望月衣塑子記者は頻繁に伊藤詩織さんを公的なイベントに連れ出していますが、なるほど、自分の主義主張(官邸の闇と戦う私)のためのアクセサリーなんだな、と思いました。

伊藤詩織さんが民事で負けたらどんな友情を見せるのか、私はそこに興味が移りました。

簡単に国家戦略的重要書類を写メできる日本への危機感。

杉原拓海は神崎氏が告発した内部文書を上司の机の引き出しから発見。写メしまくりますが、「ええ?あの、それ引っ掛けならどうするつもりなんや?」と思いました。内調は重要書類の引き出しに鍵かけんのか?こんなに簡単に内部文書持ち出されるって日本は大丈夫なの?と思いました。

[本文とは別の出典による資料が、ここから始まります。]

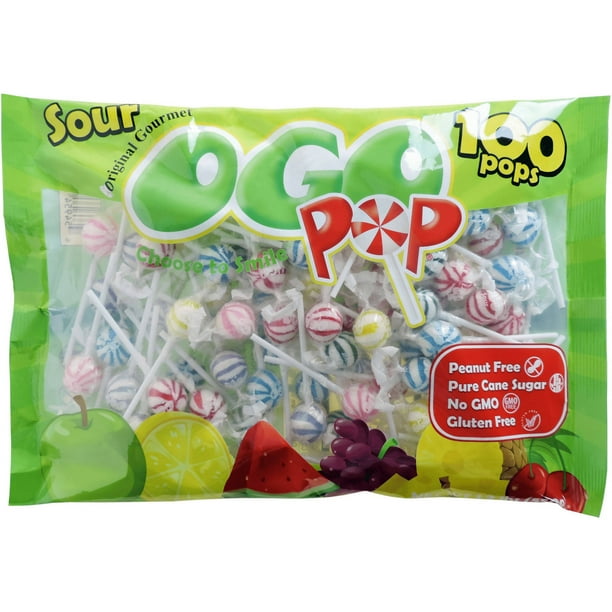 Original Gourmet OGO Sour Pop Lollipops, 100 count, 1.2 lbs Walmart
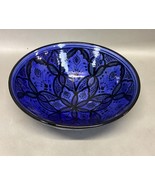 Royal Blue Handmade Handpainted Salad Fruit Serving Bowl - 5.75”Hx14”D - €21,42 EUR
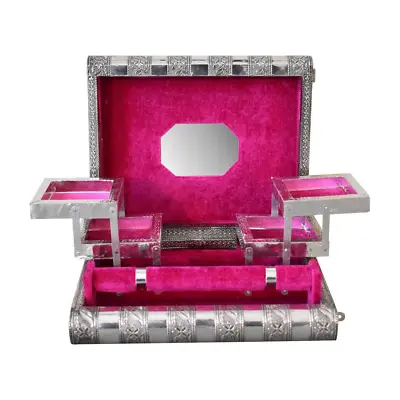 £19.99 • Buy Indian Silver Embossed Jewellery Box/Storage With Fushsia Pink Interior Velvet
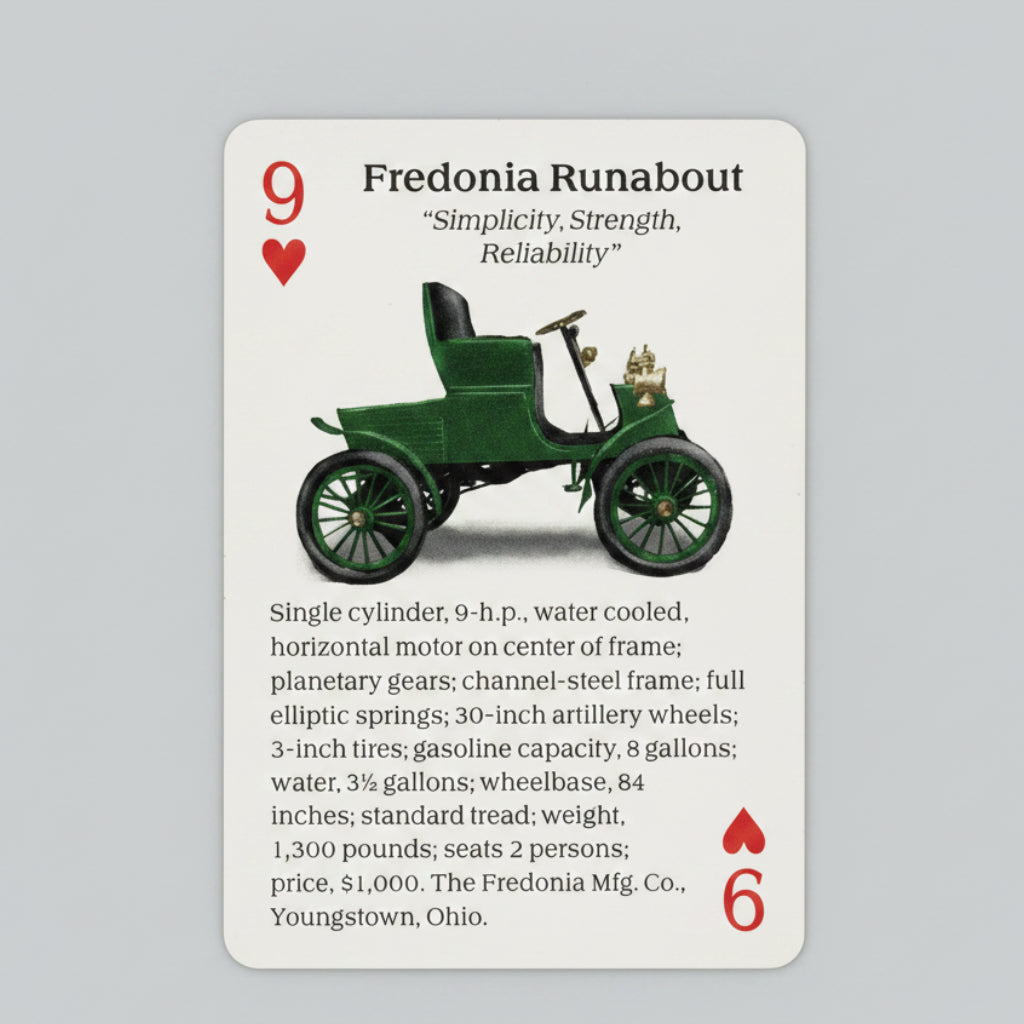 Turn of the Century Motor Cars Playing Cards by U.S. Games featuring early 1904 automobiles featuring Fredonia Runabout.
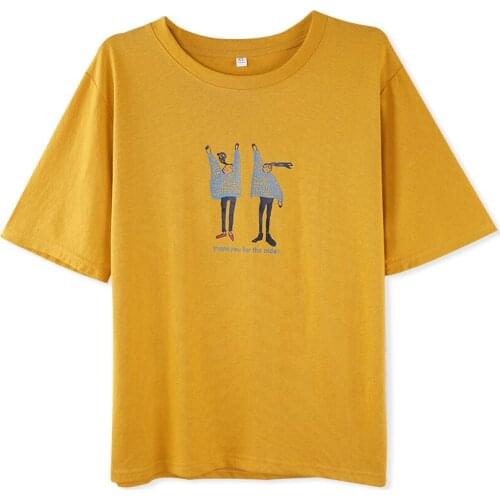 2019 Summer Fashion Cotton T-shirt Women T shirt Cartoon Print Basic Casual Funny Tee shirt Harajuku T-shirt Female Clothes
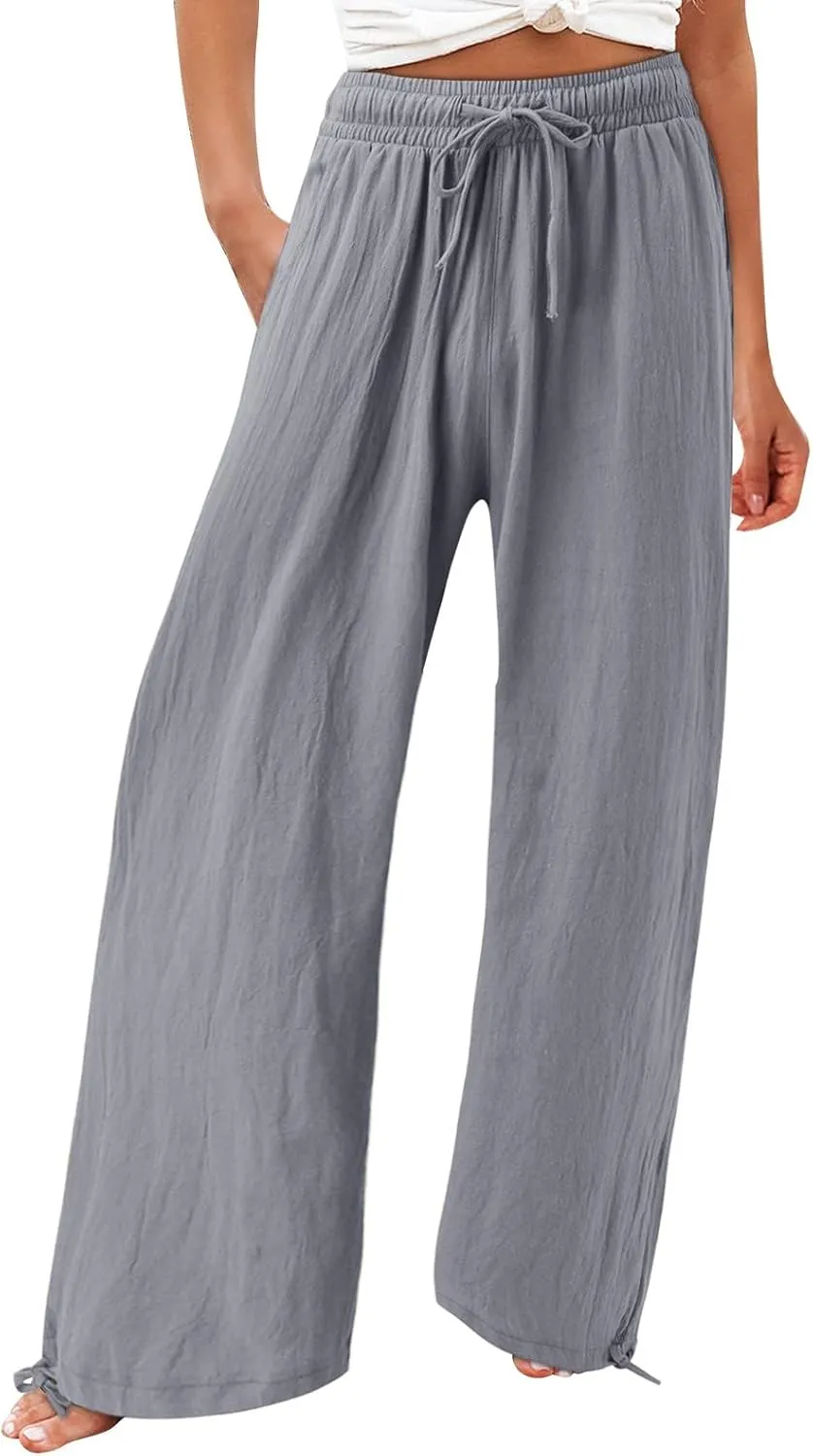 Wide Leg Linen Pants for Women Drawstring High Waisted Boho Palazzo Beach Pants Lightweight Loose Summer with Pockets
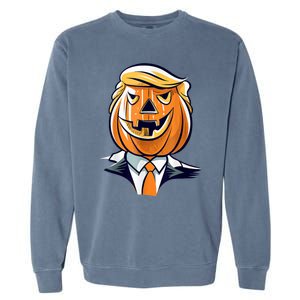 Donald Trumpkin JackOLantern Pumpkin Halloween Trump Garment-Dyed Sweatshirt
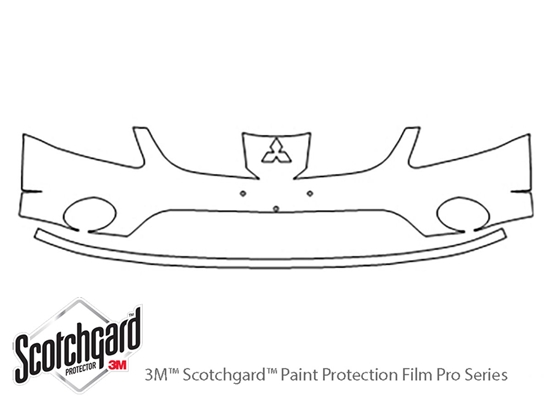 Mitsubishi Galant 2004-2006 3M Clear Bra Bumper Paint Protection Kit Diagram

日本の報道機関ではなく、韓国とか中国とかの報道機関や政府に持って行かれたらアウトでしょ。

ラストは新聞記者の破滅なのか栄光なのかはっきりせい!

杉原拓海は内調の参事官である上司多田(田中哲司)に吉岡記者へ情報提供している事を見抜かれ、杉原が戻りたがっている外務省への転属を匂わされます。苦悩する杉原。実に簡単でわかりやすい。もしかしたら杉原は外務省へ行きたくてこんな事をしてるんじゃないかと思わせる展開です。何か重要機密を扱う人にしては覚悟が全然ないんですね。持ち出したならそれなりの覚悟がないと。一応は背信行為をしてるんですから、バレたらとんでもないことになるのは分かりきったことでしょうし。

ラスト、杉原が吉岡記者を裏切るような不穏な空気で突然終わります。見てる方は消化不良。

私が杉原の上司なら(この人の演技が印象に残りました!)偽の書類を杉原に持ち出させて吉岡記者を新聞社もろとも破滅に追い込みますが、そうでないなら、吉岡記者は社長賞もののスクープを手にしたことになりますが、どちらか分からないラストでした。

なんか全体的に映画部の拗らせた学生が作ったような素人臭さと、作り手のメッセージが伝わりにくい力不足を感じました。単調でセリフが聞き取り辛く、テーマが伝わってこない。

結局、内調ってなんだろう。で、終わりました。